- Work to complete:
Below are the records; extract from them the line containing "The var clear" to the line containing "This is a quick", both lines included, exactly and with no pictures.

- Source material:
=== Begin Enclosure ===

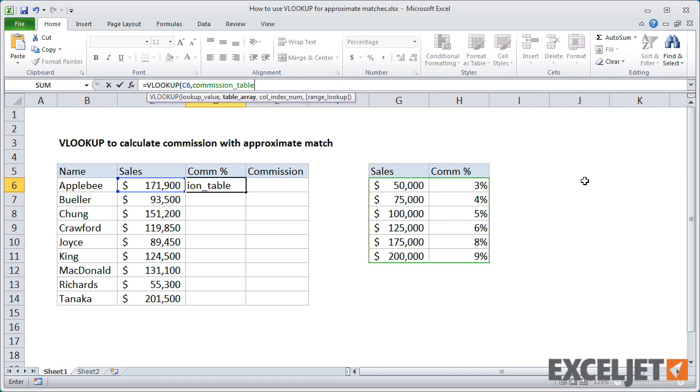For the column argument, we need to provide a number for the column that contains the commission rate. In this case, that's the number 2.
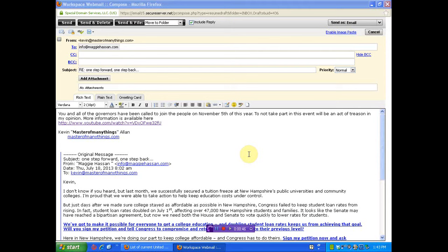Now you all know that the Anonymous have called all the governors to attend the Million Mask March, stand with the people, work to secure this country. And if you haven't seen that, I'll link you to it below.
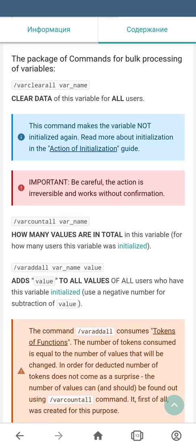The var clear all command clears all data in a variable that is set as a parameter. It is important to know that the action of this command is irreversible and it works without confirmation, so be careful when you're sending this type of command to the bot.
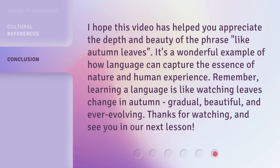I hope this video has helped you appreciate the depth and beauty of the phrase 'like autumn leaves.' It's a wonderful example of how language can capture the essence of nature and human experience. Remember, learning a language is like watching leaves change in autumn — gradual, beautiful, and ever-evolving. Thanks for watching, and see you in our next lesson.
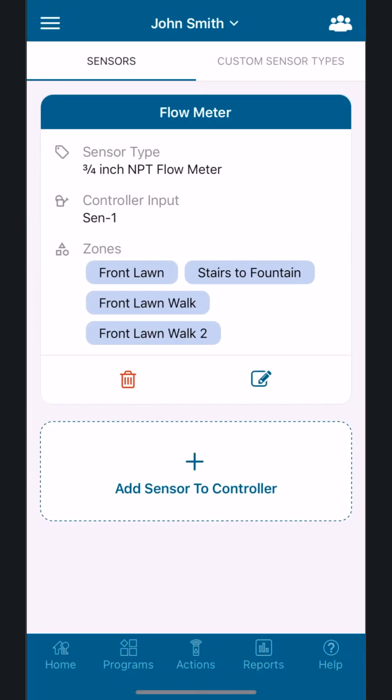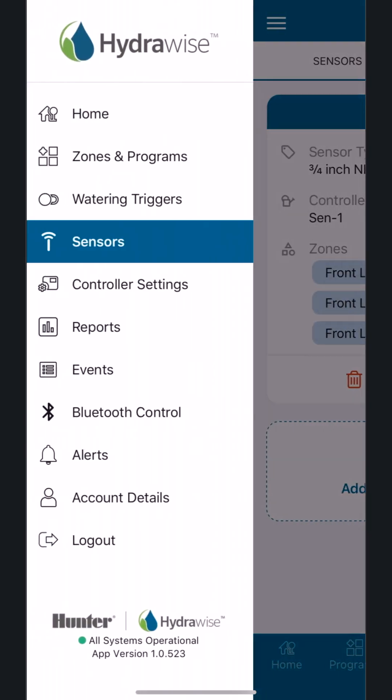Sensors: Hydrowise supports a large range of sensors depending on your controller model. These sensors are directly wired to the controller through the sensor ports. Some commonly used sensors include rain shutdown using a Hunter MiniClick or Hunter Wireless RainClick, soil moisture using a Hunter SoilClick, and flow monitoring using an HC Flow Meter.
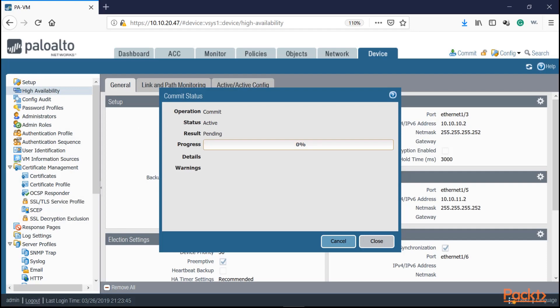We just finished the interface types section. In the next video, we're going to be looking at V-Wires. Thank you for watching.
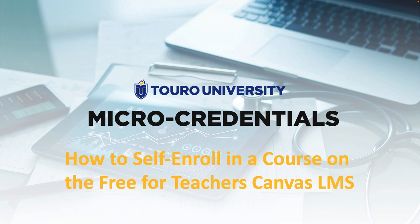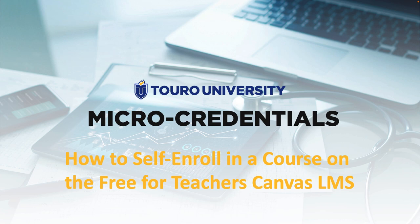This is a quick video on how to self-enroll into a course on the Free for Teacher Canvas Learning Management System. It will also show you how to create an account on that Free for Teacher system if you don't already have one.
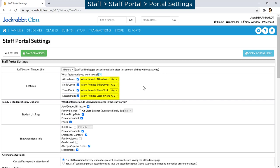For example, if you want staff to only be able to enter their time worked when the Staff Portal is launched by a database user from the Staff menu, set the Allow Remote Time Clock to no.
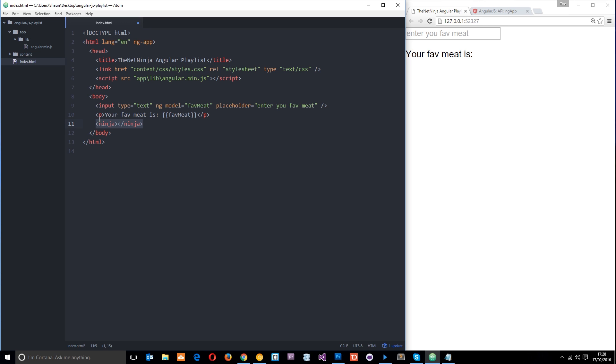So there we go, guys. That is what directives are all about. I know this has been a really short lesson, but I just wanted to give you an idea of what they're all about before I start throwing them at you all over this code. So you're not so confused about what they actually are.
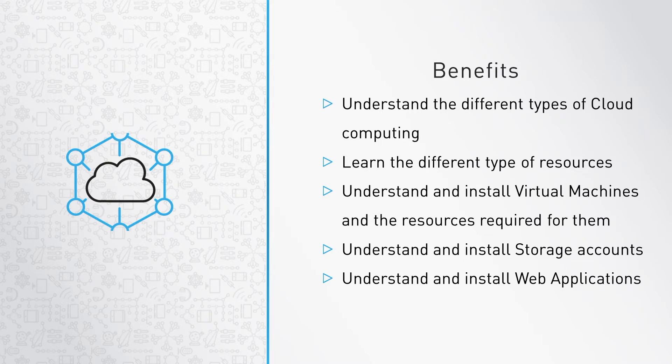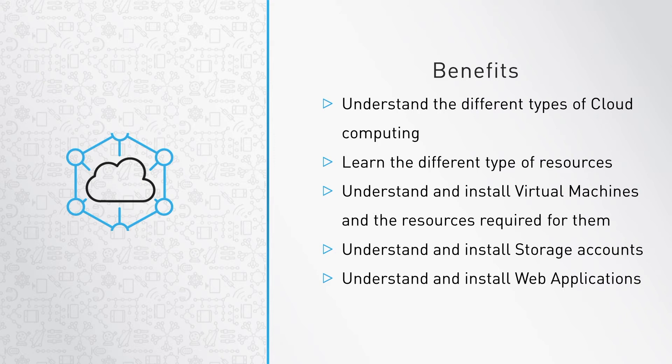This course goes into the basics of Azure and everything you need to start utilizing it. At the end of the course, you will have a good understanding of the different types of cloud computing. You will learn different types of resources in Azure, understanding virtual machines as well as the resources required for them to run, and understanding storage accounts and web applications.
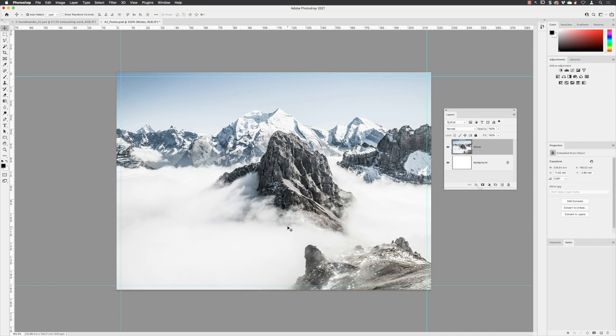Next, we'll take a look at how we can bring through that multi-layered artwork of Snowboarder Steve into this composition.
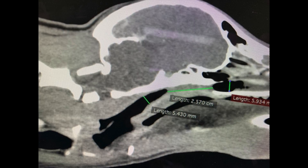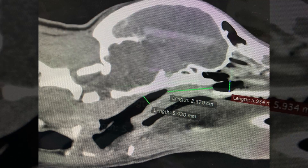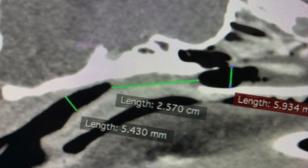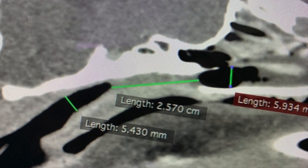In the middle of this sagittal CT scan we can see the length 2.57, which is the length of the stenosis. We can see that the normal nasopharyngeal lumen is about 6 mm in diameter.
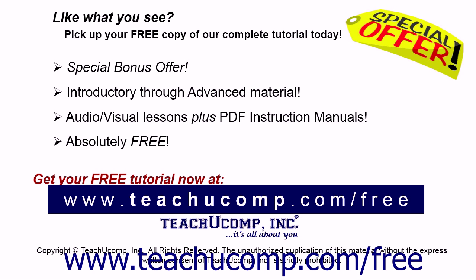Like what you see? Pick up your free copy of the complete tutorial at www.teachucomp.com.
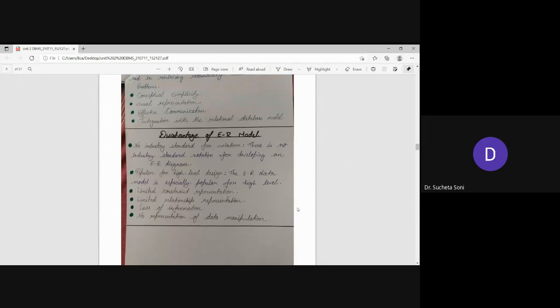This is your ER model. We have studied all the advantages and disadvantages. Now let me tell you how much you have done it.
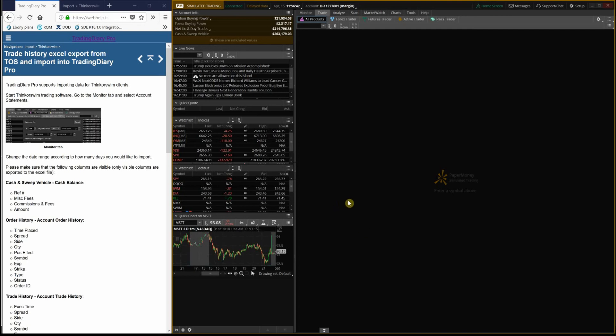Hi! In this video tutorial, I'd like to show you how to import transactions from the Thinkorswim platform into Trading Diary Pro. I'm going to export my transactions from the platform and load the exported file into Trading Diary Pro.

=== End Enclosure ===
=== Begin Enclosure ===

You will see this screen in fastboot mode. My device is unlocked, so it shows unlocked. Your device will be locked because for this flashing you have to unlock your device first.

=== End Enclosure ===
=== Begin Enclosure ===

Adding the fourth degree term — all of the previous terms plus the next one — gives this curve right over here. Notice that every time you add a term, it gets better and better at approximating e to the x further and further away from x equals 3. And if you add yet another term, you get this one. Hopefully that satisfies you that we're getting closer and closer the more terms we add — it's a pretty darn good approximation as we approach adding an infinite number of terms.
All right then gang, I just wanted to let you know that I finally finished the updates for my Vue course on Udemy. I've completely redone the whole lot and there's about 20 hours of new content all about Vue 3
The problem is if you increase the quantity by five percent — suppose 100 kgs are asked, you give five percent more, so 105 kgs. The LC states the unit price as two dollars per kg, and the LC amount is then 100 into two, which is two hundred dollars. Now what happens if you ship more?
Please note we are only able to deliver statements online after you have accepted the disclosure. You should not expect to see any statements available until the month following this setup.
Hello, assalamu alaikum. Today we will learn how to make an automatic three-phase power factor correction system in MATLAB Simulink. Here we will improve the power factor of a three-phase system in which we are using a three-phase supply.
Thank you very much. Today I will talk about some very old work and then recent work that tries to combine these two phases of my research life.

=== End Enclosure ===

- Result of the task:
The var clear all command clears all data in a variable that is set as a parameter. It is important to know that the action of this command is irreversible and it works without confirmation, so be careful when you're sending this type of command to the bot.
I hope this video has helped you appreciate the depth and beauty of the phrase 'like autumn leaves.' It's a wonderful example of how language can capture the essence of nature and human experience. Remember, learning a language is like watching leaves change in autumn — gradual, beautiful, and ever-evolving. Thanks for watching, and see you in our next lesson.
Sensors: Hydrowise supports a large range of sensors depending on your controller model. These sensors are directly wired to the controller through the sensor ports. Some commonly used sensors include rain shutdown using a Hunter MiniClick or Hunter Wireless RainClick, soil moisture using a Hunter SoilClick, and flow monitoring using an HC Flow Meter.
We just finished the interface types section. In the next video, we're going to be looking at V-Wires. Thank you for watching.
This is a quick video on how to self-enroll into a course on the Free for Teacher Canvas Learning Management System. It will also show you how to create an account on that Free for Teacher system if you don't already have one.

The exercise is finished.